In situ FTIR study of low-pressure hydroformylation of 1-hexene catalyzed by ultrafine cobalt nanoparticles

Abstract

The hydroformylation of 1-hexene in syngas (CO:H 2 = 1) under 2–3 MPa at 100 °C was catalyzed using 2.8 nm ultrafine cobalt nanoparticles and investigated by in situ Fourier transform infrared spectroscopy (FTIR). A group of bands observed in the in situ FTIR spectra at 2071, 2041, and 2022 cm −1 are assigned to terminal CO adsorptions distributed over different Co sites.
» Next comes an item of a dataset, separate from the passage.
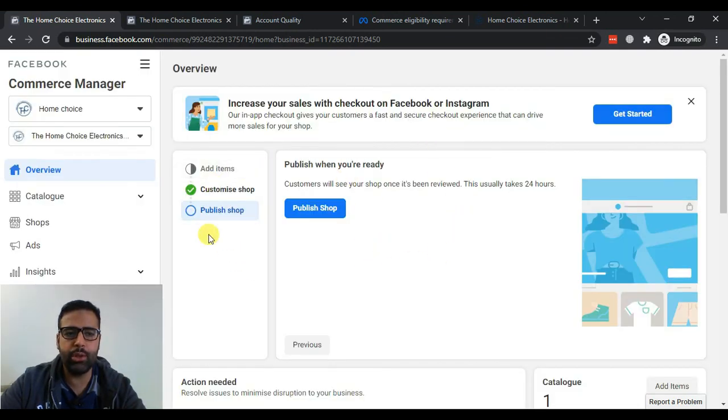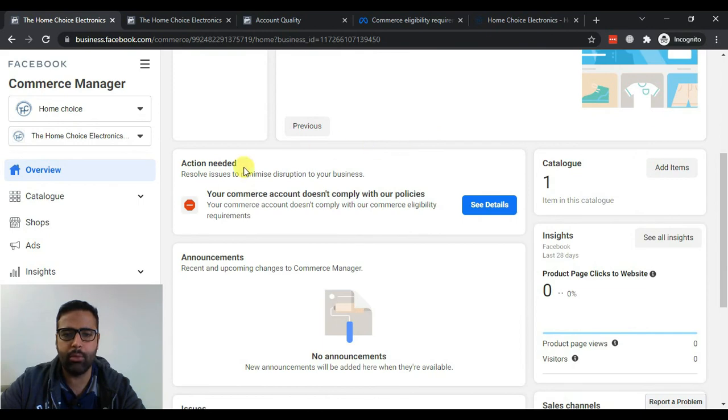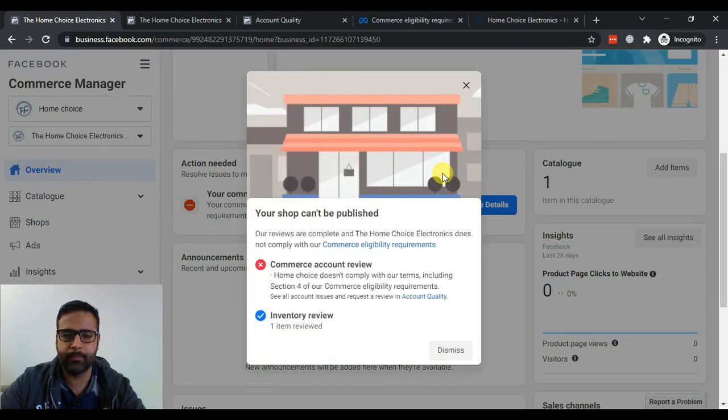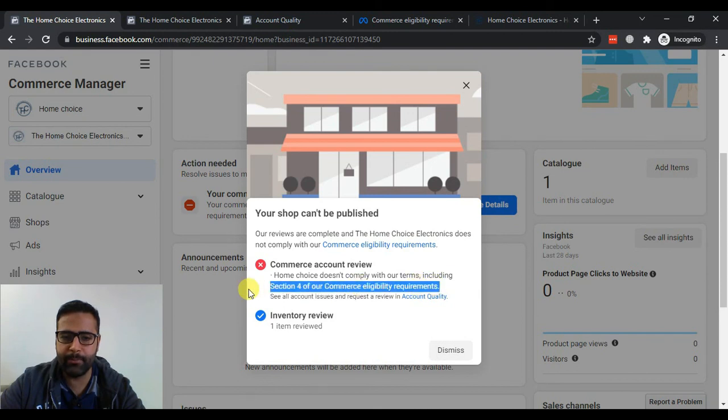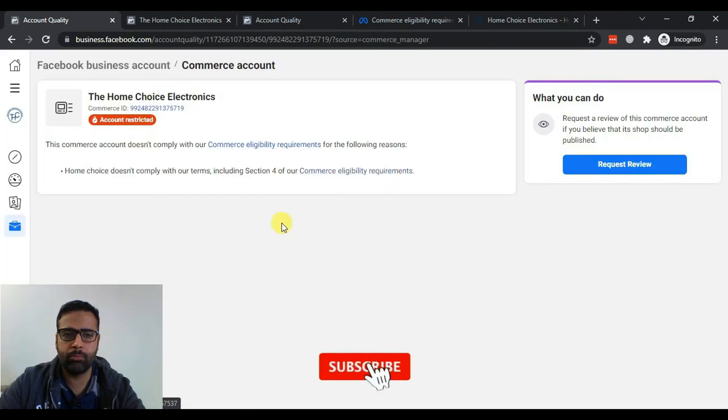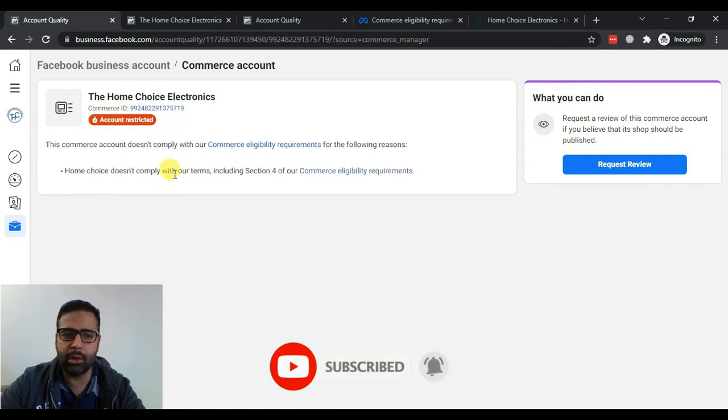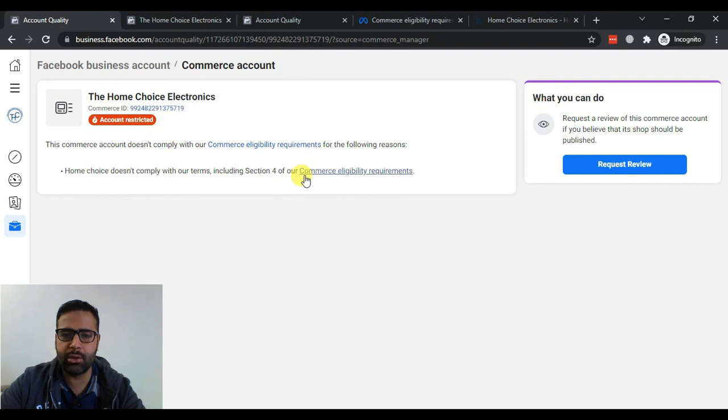And once you go there you will be seeing a screen like this. From there scroll down and click on See Details. As you can see they have mentioned Section 4 of our Commerce Eligibility Requirements.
A band at 2054 cm −1 is attributed to the intermediate, RCH 2 CH 2 COCo, which has been observed for the first time. Through this intermediate, the catalytic reaction proceeds via the elimination of RCH 2 CH 2 COCo to leave a single H atom on the surface of each 2.8-nm Co nanoparticle. 利用原位透射红外光谱研究了2.8 nm超细钴纳米粒子在2 ∼ 3 MPa合成气(CO:H 2 = 1:1)和100 °C条件下催化的1-己烯氢甲酰化反应. 结果表明, 在反应中出现与Co 2 (CO) 8 类似的红外吸收峰(2071, 2041和2022 cm −1 ), 被证明是不同Co位点端式吸附CO. 首次观测到了位于2054 cm −1 处吸收峰处的物种, 可能归属为RCH 2 CH 2 COCo. 通过此中间物种，产物醛可以在钴催化剂表面经由结合一个氢原子脱除反应而获得. An in situ FTIR observation of the hydroformylation reaction conducted using a Co nanoparticle-based system suggests that some of the observed bands in the FTIR spectrum are similar to those of the original Co complex. The unique absorption band at 2054 cm −1 corresponds to terminal CO adsorptions bound to different cobalt sites.